On February 11, 1980 Ethel Smith was working at a Swiftway store in Brentwood, Missouri. At about 9:00 p. m. a man, who Ms. Smith later identified as appellant, entered the store, pulled a gun from his waistband and demanded money. Ms. Smith gave the gunman cash and blank American Express money orders.

The St. Louis City police arrested appellant on February 21,1980 when he attempted to cash one of the stolen money orders. Appellant was taken to the St. Louis City fourth district police station. At the fourth district station Officer John Cowser, who was not involved in the arrest, recognized appellant as the defendant in an unrelated robbery charge that had resulted in two mistrials. The other robbery charge was scheduled for retrial the following Monday.
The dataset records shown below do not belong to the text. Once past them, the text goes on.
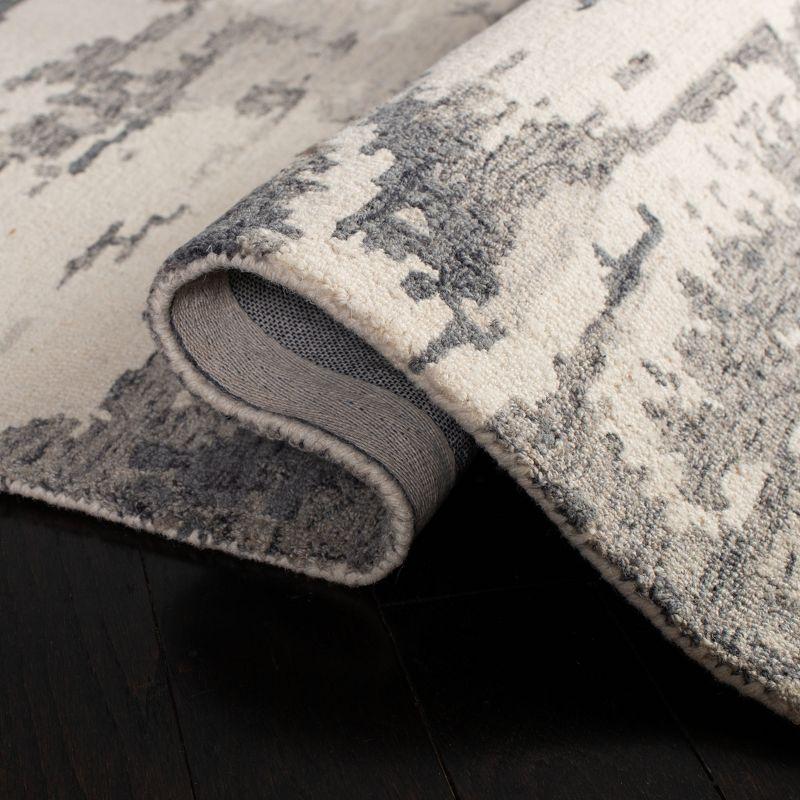Abstract ABT465 Handmade Indoor Area Rug - Charcoal/Ivory - 10'x14' - Safavieh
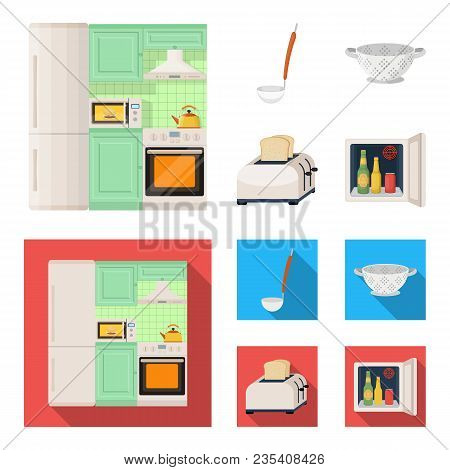 Kitchen Equipment Cartoon, Flat Icons In Set Collection For Design. Kitchen And Accessories Vector S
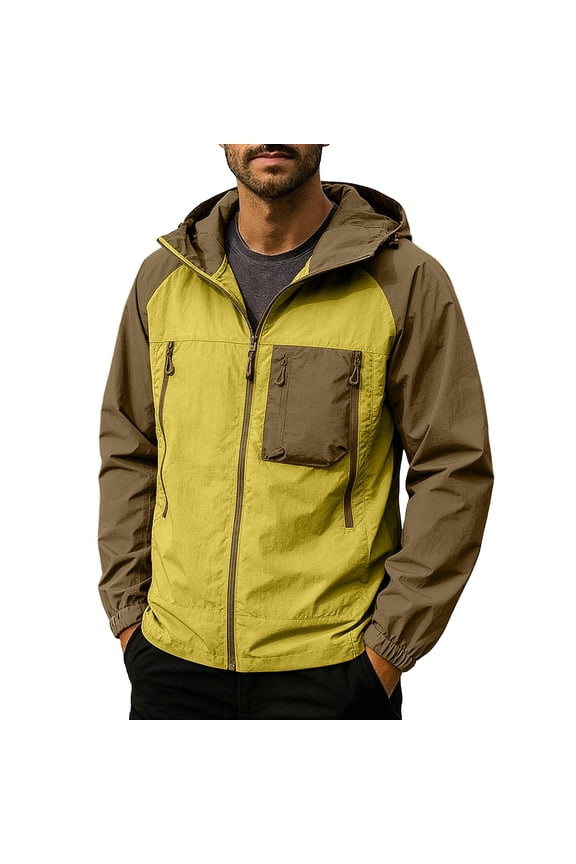 Mens Breathable Nylon Spandex Windbreaker Jacket Lightweight Packable Hooded Sun Protection Brown,Size 2XL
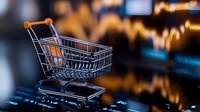 Shopping cart on digital stock market chart background with glowing trading data and financial investment graph showing market trends and analysis.
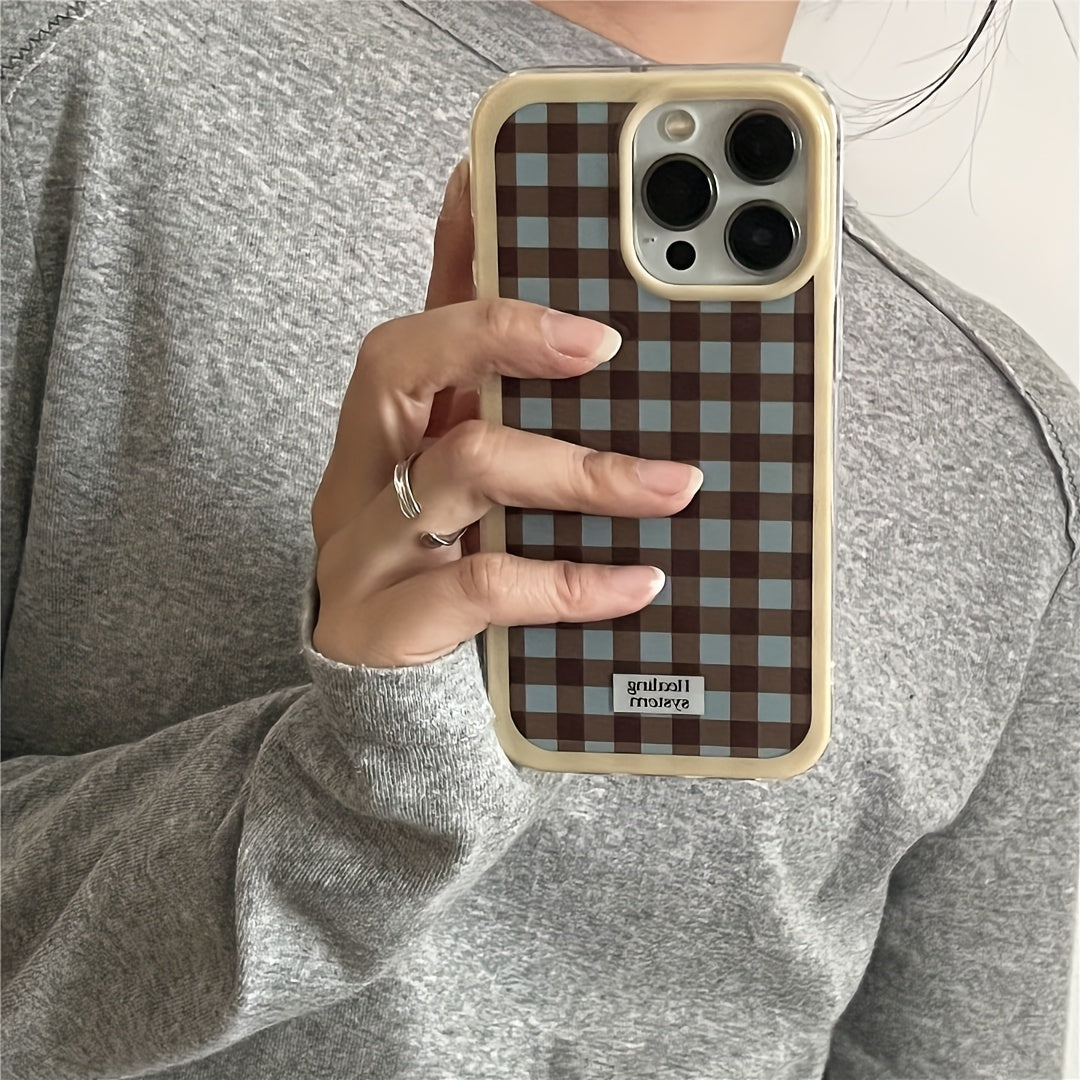 Korean Style Instagram Mavi-Kahverengi Kare Desenli Telefon Kılıfı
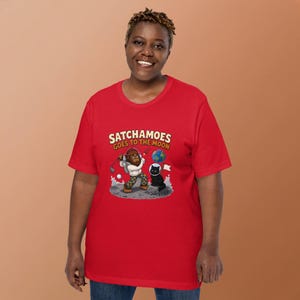Funny Moon Shirt, Astronaut Golf Tee, Sasquatch Space Gift, Black Cat Helmet, Satchamoes Goes to the Moon
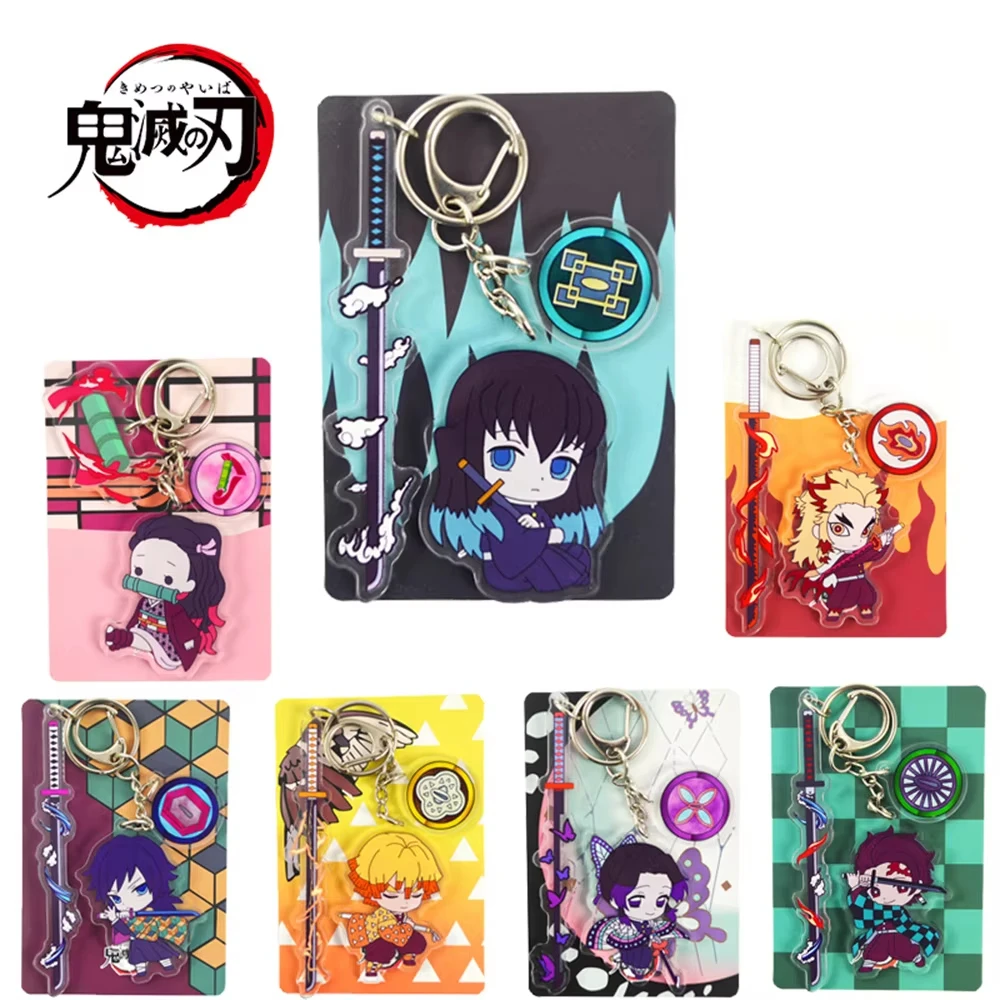 

Demon Slayer Keychain Anime Kimetsu no Yaiba Acrylic Pendant Manga Key Ring Bag Backpack Key Chain Cosplay Toy Keyring ACG Goods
Officer Cowser knew who appellant’s counsel was on the unrelated robbery charge. According to appellant, Officer Cowser suggested to the arresting officers that they put appellant in a line-up although Officer Cowser denied this.
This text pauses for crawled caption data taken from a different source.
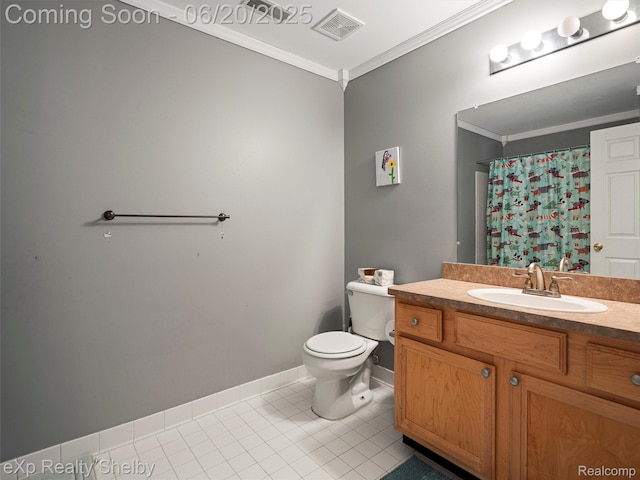 16436 Grandview Dr, Macomb, MI 48044 - full bathroom with crown molding, vanity, tile patterned flooring, and curtained shower
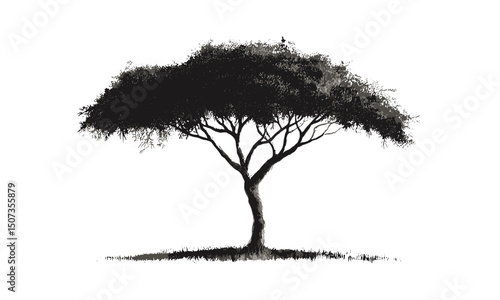 Savanna Tree Art Elements, acacia tree clipart, wild tree silhouette, forest black tree, hand-drawn vector illustration, nature landscape, exotic flora, African savanna vegetation.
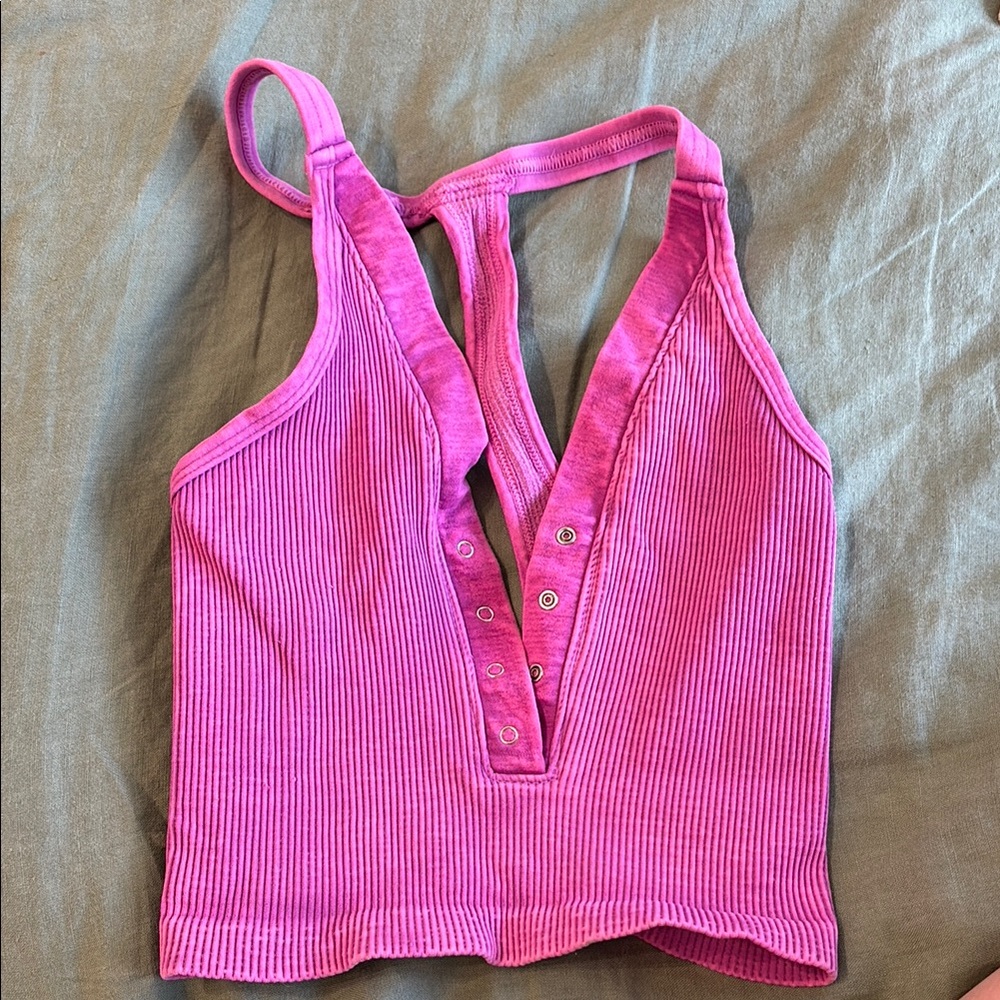Free People Pink Ribbed Crop Tank Top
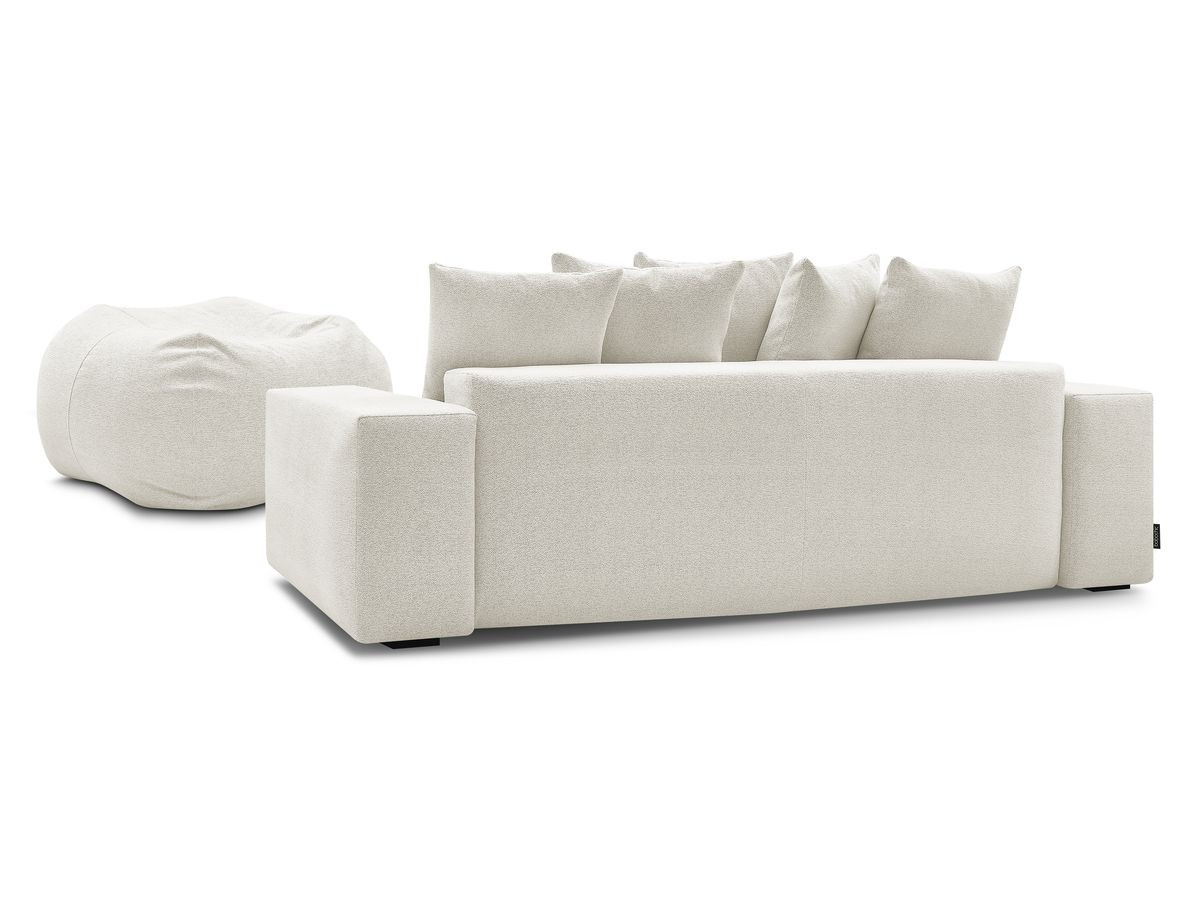 Bobochic Voltaire Schlafsofa 4-Sitzer mit Bettkasten und Pouf Melange-Stoff Weiß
The arresting officers arranged for Ms. Smith to view a line-up of several men, including appellant. Ms. Smith identified appellant as the robber. She also made an in-court identification of appellant. No one informed appellant’s attorney for the unrelated robbery charge about the line-up, and no other attorney representing appellant was present at the line-up. A grand jury handed down an indictment against appellant on June 27, 1980 for first degree robbery of the Swiftway store.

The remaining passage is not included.